Google has already added Istio support, although it is only labelling it an alpha release, as part of a managed service that is automatically installed and maintained on a customer’s Google Kubernetes Engine (GKE) clusters in its cloud platform.
Istio is also picking up support from others in the industry, notably Red Hat, which re-engineered its OpenShift application platform a few years back to be based around Docker containers and Kubernetes.
Brian “Redbeard” Harrington, Red Hat’s product manager for Istio, says that Red Hat intends to integrate the service mesh into OpenShift, but there are a few rough edges that Red Hat would like to see improvements in before committing itself, such as multi-tenancy support.

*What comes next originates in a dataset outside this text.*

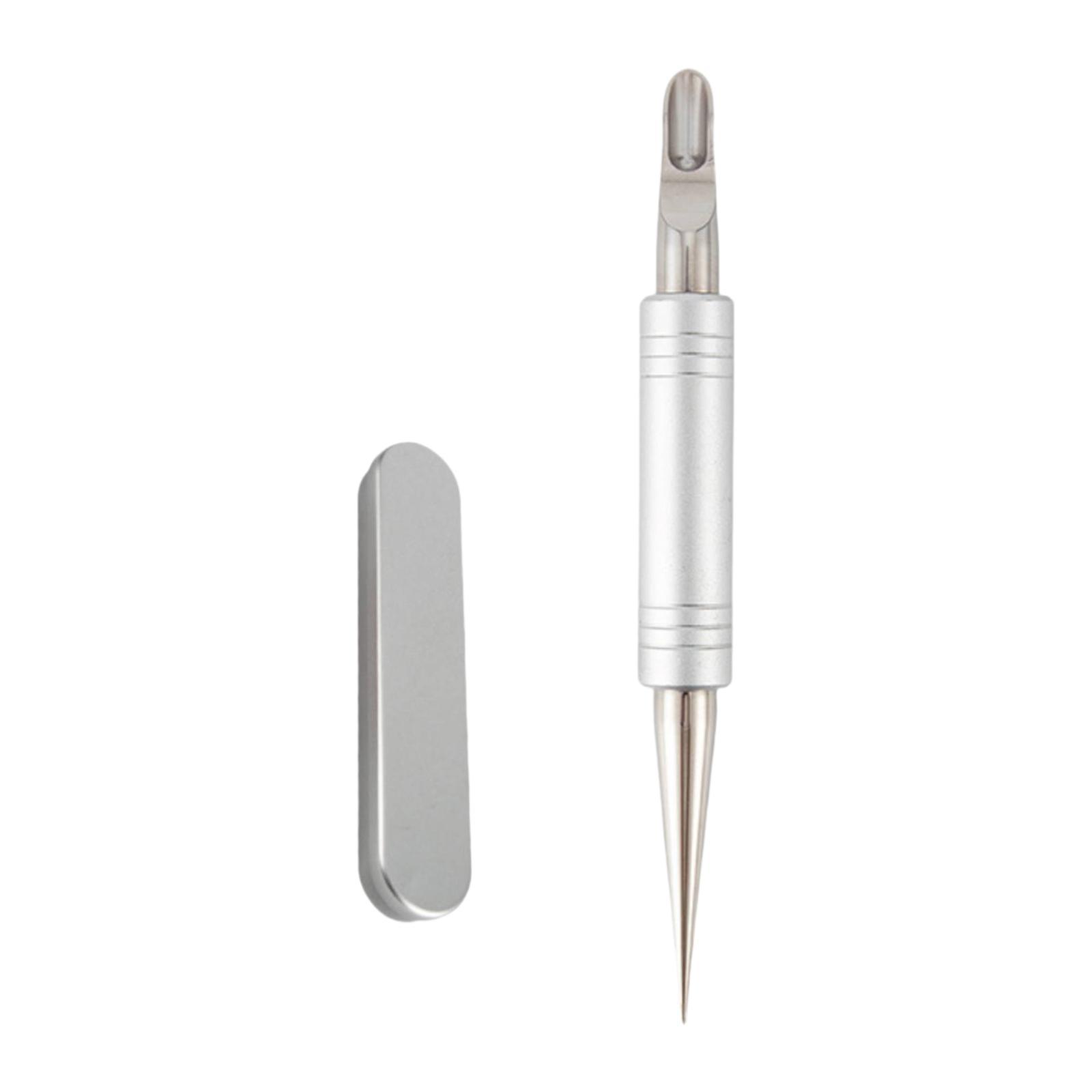 Latte Art Pen Decorating Pen P - Coffee Equipment For Cafe ulasan dan harga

“Istio right now has this goal of what they are calling soft multi-tenancy, which is to say, we want this to be available within an organization so that two different teams inside that organization can use it and trust it, so long as neither one is acting too maliciously, that they’re not going to be able to stomp all over each other’s services. With the way we run OpenShift Online, we have customers running code that we have never looked at, and we have to ultimately schedule those two customers alongside each other, and that’s a very different multi-tenancy challenge,” Harrington explains.
“We need to have a higher degree of confidence about that multi-tenancy story; we need to have a higher degree of confidence about the performance and stability. We have not seen any showstoppers with that, but we have seen areas where we feel we can provide a lot of value in doing scale testing and automating some regression testing, and we’ve also contributed a project at the community level called Kiali, which gives a visualization of what’s going on in Istio, and that is just a part of our offering,” he adds.
In other words, Istio is just another open source tool to add to the menu of choices for those looking to build a cloud-native application infrastructure. Vendors like Red Hat will take it and blend into their tested and supported enterprise platform offerings like OpenShift, while others will prefer to mix and match and build it themselves.